The Metropolitan Chamber of Commerce and Industry yesterday hailed the central bank for aiming to keep inflation in check and move to a higher growth path amid the prevailing political unrest.
The rate of inflation, according to the new Monetary Policy Statement of Bangladesh Bank, will be brought down to 6.5 percent by June 2015. At the same time, the economy is expected to grow at 6.5-6.8 percent this fiscal year.
To prop up investment, the MPS has kept the private sector credit growth target at 15.5 percent at the end of fiscal 2014-15, which is substantially higher than 12.7 percent in November 2014, the MCCI said in a statement.
“Political unrest, structural deficiencies and a cautious approach on the part of banks have, in fact, slowed down private sector credit growth,” it said. The MCCI urged the central bank to take immediate steps to bring down the lending rates to boost private investment.
“The existing average lending rate of 12-13 percent is bound to dampen investment,” it said, adding that the central bank should encourage the commercial banks to devise ways to reduce their lending rates, which did not come down commensurately with the decline in inflation in the past three years.
The lending rates should be kept just above the inflation rate in order to keep the real interest rate (lending rate minus inflation) positive.

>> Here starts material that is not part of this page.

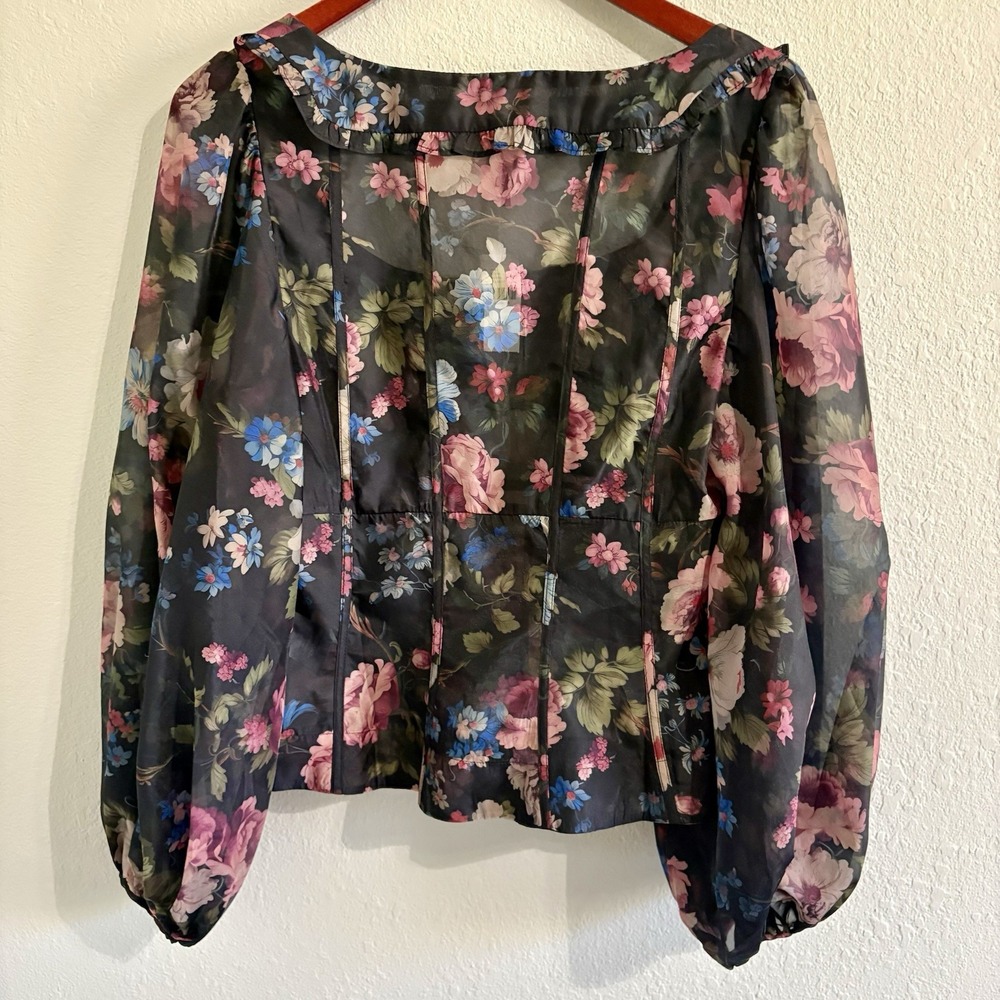 NWT Anthropologie Black Floral Corset Blouse Size M Sheer Puff Sleeve Ruffle Top - Picture 3 of 16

In early 2012, the average lending rate in Bangladesh was 13 percent and the inflation rate was 10 percent, making the real interest rate 3 percent. Now, in 2015, the inflation rate is below 7 percent. Hence the lending rate should be no more than 10 percent, it said.
The nation’s oldest trade body also reiterates its earlier proposition that the central bank and the government should immediately set up a functional secondary money market as an alternate source for borrowing money.
“If this is done, banks and the government will be able to reduce their dependency on the banking system, and on the national savings schemes as a source of borrowing,” it said.
The MCCI appreciates that the central bank has revised the lending rate ceiling for agriculture downward from 13 percent to 11 percent but much more needs to be done, particularly at this time when the farmers cannot sell their produce due to the ongoing blockade.
The benchmark repo and reverse repo rates, which have remained unchanged for 18 months, should be slashed. The MCCI suggested that the deposit interest rates may be kept just above the inflation rate so that depositors do not end up with a negative rate of return.
Such continued reforms will help shore up investor confidence, particularly during this time of general investor pessimism in the capital market.
“It is good to see that BB has pledged to shore up banking governance to clamp down on loan delinquencies and financial fraudulence,” according to the statement.
The MCCI also appreciates that the central bank is keen on further consolidating the country’s external sector liquidity, and to continue maintaining a comfortable amount of foreign currency reserves to cover up to 5 to 10 months’ imports.
There are also encouraging projections in the MPS, that overall export growth in fiscal 2014-15 will be 8 percent, import growth 15 percent and remittance growth 12 percent, to yield a reasonable balance of payments surplus of $642 million, the MCCI said.
The leading chamber also stressed an optimal level of foreign exchange reserve to protect the external value of the taka and to ensure a healthy growth of imports.
At the same time, the central bank must help ensure that Bangladesh does not lose its competitiveness in exports due to its exchange rate, the chamber said.